Amesbury poisoning: Russia media say UK spoiling World Cup
As after the poisoning of former spy Sergei Skripal in Salisbury in March, Russia's pro-Kremlin media have responded to the latest incident in Amesbury by spreading conspiracy theories apparently designed to deflect blame from Russia
The overall gist of primetime state TV news reports is that Amesbury poisoning could be a ploy to tarnish Russia's image in the West, particularly at a time when - they argue - it has been boosted by its hosting of the World Cup.
They also point out that it is a time of intense diplomatic activity involving US President Donald Trump in the run-up to his meeting with President Vladimir Putin in Helsinki.
"Coincidentally or not," a correspondent on state-run Rossiya 1 said, the poisoning in Amesbury took place "right before" a Nato summit and Donald Trump's visit to Britain.
Over on Channel One, a London-based Russian pundit said the incident had come as Theresa May's cabinet was facing "huge problems".
In addition to a "failed" Brexit and a "failed" economy, she is dealing with the uncertainty over Mr Trump's visit and the Nato summit, he said.
He added that all this comes amid "concerns" in the West about what Mr Trump may agree with Mr Putin.
Illegal drugs
Russian TV also suggests that the Amesbury couple could have poisoned themselves with illegal drugs they had procured.
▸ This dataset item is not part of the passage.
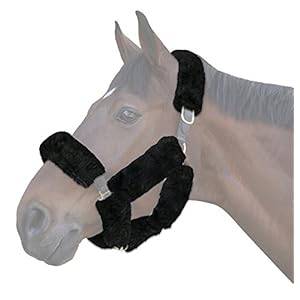 ECP Equine Comfort Products Merino Sheepskin Halter Fleece Set for Horses, 100% Natural Wool, Chafe Protection, Breathable Relief & Cushioned Comfort, Machine Washable, 9-Piece Set, Black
According to an NTV correspondent, drug poisoning is "a more realistic and simple account of what has happened". She spoke to a local man who was voiced over as saying that "just about everyone around here takes drugs - we think they simply got a contaminated batch".
Russian chemical weapons expert Anton Utkin told Rossiya 1's "60 Minutes" programme that both the poisoning of Sergei and Yulia Skripal and the incident in Amesbury "could somehow be linked with some sort of narcotics".
'Director of Darkness'
News website Gazeta.ru speaks of a plot by a "theatre director of darkness" to smear Russia at a "suspiciously convenient time" - in the middle of a World Cup that is "disproving many of the Western press's scare stories".
Another Channel One pundit compares Britain's behaviour to the kind of hostility towards Russia usually displayed by Ukrainian leaders.
"This is pure schizophrenia, with the English beginning to imitate Kiev, who see the hand of Moscow when it rains," he said.
'Inhumane experiments'
Another common line is to suggest that the British government's Porton Down chemical research complex, which lies near both Salisbury and Amesbury, is somehow linked to the latest poisoning.
Channel One produced a map highlighting both towns' location within a 11km (6.8mi) radius of Porton Down - a fact a Rossiya 1 presenter called "a frightening coincidence".
One theory floated by pro-Kremlin media outlets says the attacks in the two towns were the work of a rogue British chemical weapons specialist.
Nikolai Kovalyov, a former head of Russia's Federal Security Service (FSB), told government newspaper Rossiyskaya Gazeta that this could be a former Porton Down employee who "is continuing with his inhumane experiments on people".
The remark refers to the fact that Port Down in the past tested nerve gas on humans.
On social media, pro-Kremlin commentators have been spreading similar conspiracy theories to their counterparts on TV and news websites.
Many also distorted remarks by British Home Office minister Ben Wallace to the BBC that the police are working on the assumption that the couple poisoned in Amesbury "are victims of the consequences of the previous attack or something else but not that they were directly targeted".
State news agency RIA Novosti reported this as "based on London's provisional information, Russia is not complicit in the Amesbury poisoning incident. It wasn't an attack by Moscow".
"British Home Office: According to London's preliminary data, Russia is not involved in the incident with the Amesbury poisoning. Wow!" prominent pro-Kremlin social media commentator Armen Gasparyan tweeted.